*Supplied material:*
'''

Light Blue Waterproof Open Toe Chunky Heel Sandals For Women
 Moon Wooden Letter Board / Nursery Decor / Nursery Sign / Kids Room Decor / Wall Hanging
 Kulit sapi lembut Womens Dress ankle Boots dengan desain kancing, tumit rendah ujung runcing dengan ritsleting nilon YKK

'''
'''

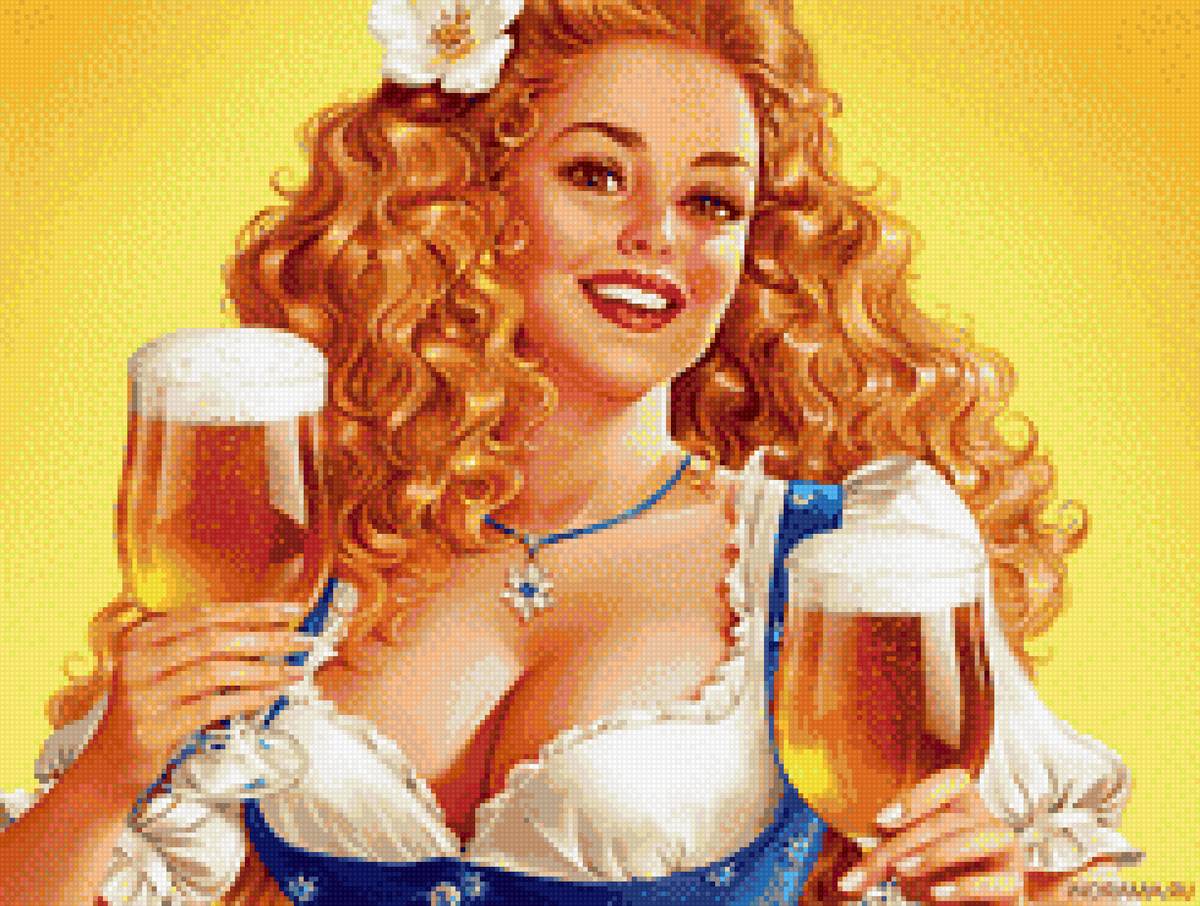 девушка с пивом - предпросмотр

'''

Find "Light Blue Waterproof" in the entries above and copy that whole line exactly, then each line after it through the line that contains "Kulit sapi lembut".

*Written answer:*
Light Blue Waterproof Open Toe Chunky Heel Sandals For Women
 Moon Wooden Letter Board / Nursery Decor / Nursery Sign / Kids Room Decor / Wall Hanging
 Kulit sapi lembut Womens Dress ankle Boots dengan desain kancing, tumit rendah ujung runcing dengan ritsleting nilon YKK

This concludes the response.